### To do:
The entries below are to be restated exactly, and their images are to be omitted.

### Extracted entries:
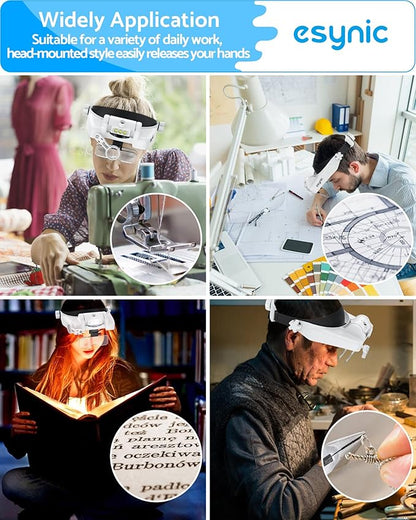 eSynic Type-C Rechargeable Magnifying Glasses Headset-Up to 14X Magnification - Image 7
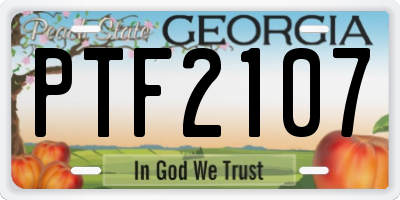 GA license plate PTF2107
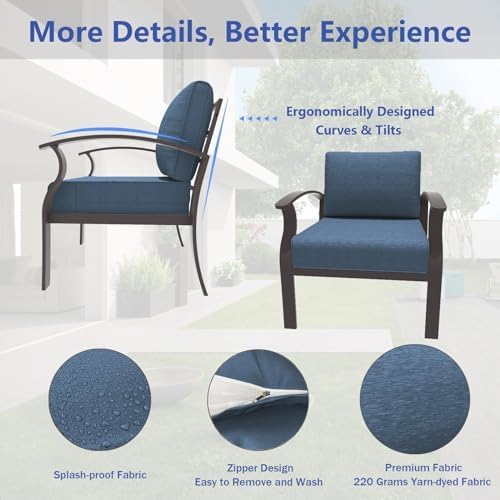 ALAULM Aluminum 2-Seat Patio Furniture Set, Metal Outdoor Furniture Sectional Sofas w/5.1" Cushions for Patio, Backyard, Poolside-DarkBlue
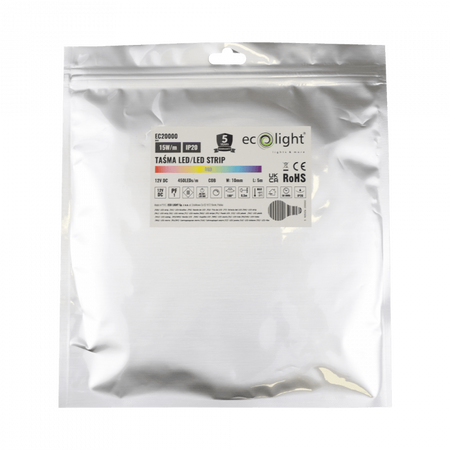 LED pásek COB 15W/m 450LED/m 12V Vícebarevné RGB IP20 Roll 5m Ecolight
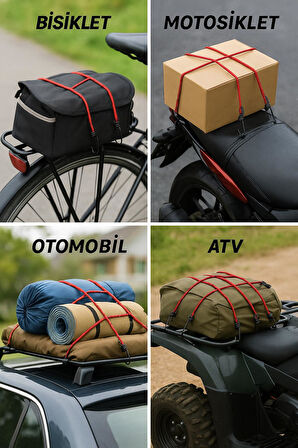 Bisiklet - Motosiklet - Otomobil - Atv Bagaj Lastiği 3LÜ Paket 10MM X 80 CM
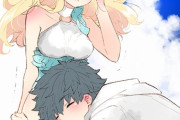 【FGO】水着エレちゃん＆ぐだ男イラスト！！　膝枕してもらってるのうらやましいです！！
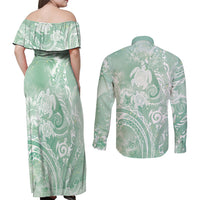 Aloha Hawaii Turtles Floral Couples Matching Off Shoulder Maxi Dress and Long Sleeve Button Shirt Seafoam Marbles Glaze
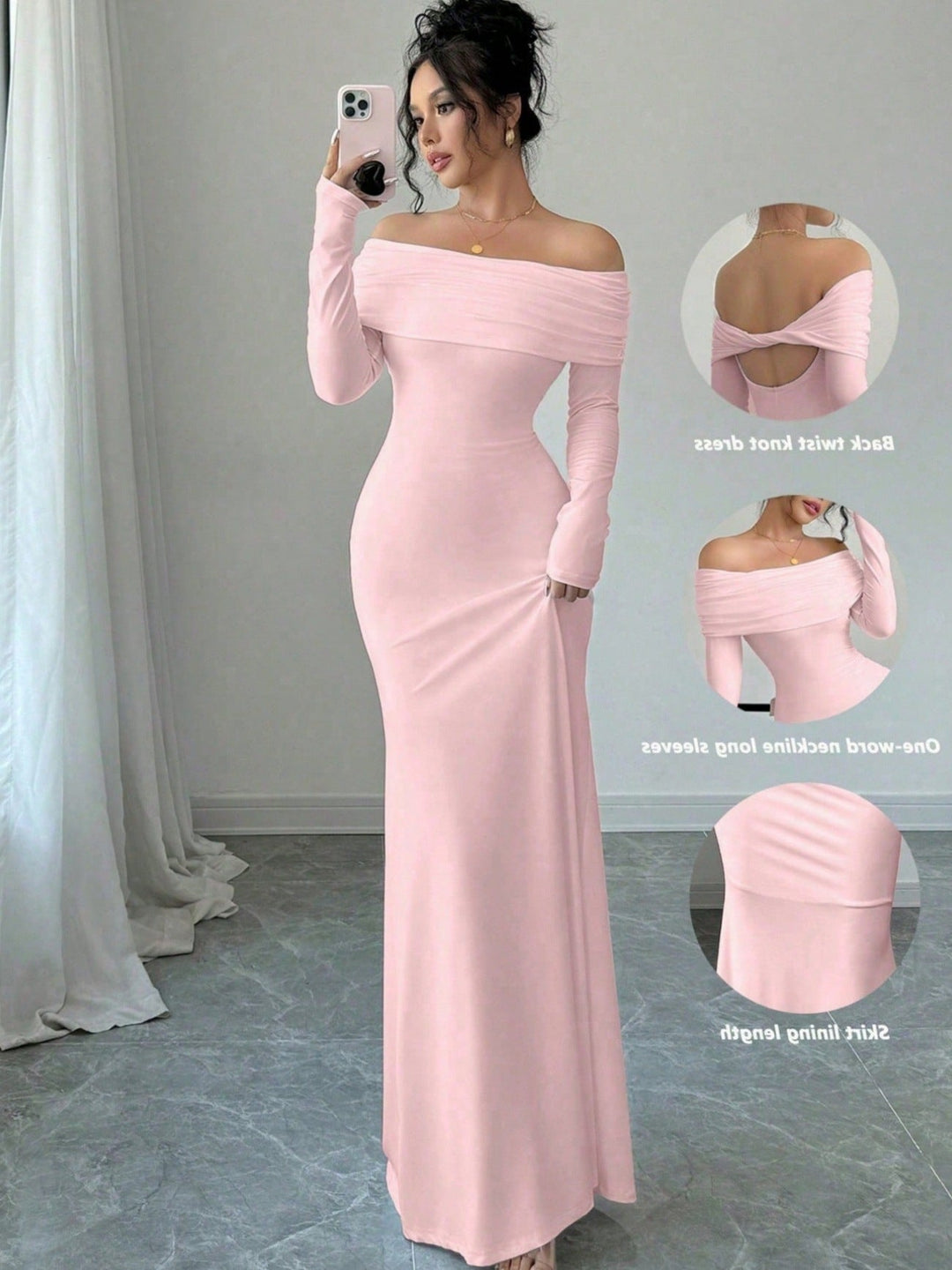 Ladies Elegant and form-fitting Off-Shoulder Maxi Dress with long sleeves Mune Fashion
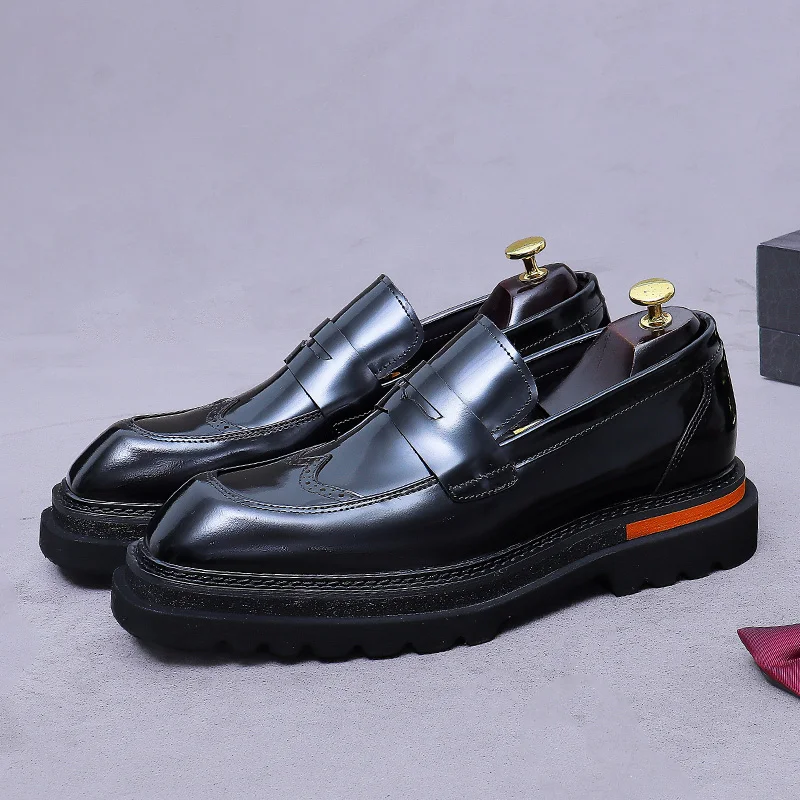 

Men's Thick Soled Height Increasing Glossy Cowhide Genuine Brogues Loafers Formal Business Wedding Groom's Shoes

### Answer to this exercise:
 eSynic Type-C Rechargeable Magnifying Glasses Headset-Up to 14X Magnification - Image 7
 GA license plate PTF2107
 ALAULM Aluminum 2-Seat Patio Furniture Set, Metal Outdoor Furniture Sectional Sofas w/5.1" Cushions for Patio, Backyard, Poolside-DarkBlue
 LED pásek COB 15W/m 450LED/m 12V Vícebarevné RGB IP20 Roll 5m Ecolight
 Bisiklet - Motosiklet - Otomobil - Atv Bagaj Lastiği 3LÜ Paket 10MM X 80 CM
 【FGO】水着エレちゃん＆ぐだ男イラスト！！　膝枕してもらってるのうらやましいです！！
 Aloha Hawaii Turtles Floral Couples Matching Off Shoulder Maxi Dress and Long Sleeve Button Shirt Seafoam Marbles Glaze
 Ladies Elegant and form-fitting Off-Shoulder Maxi Dress with long sleeves Mune Fashion

Men's Thick Soled Height Increasing Glossy Cowhide Genuine Brogues Loafers Formal Business Wedding Groom's Shoes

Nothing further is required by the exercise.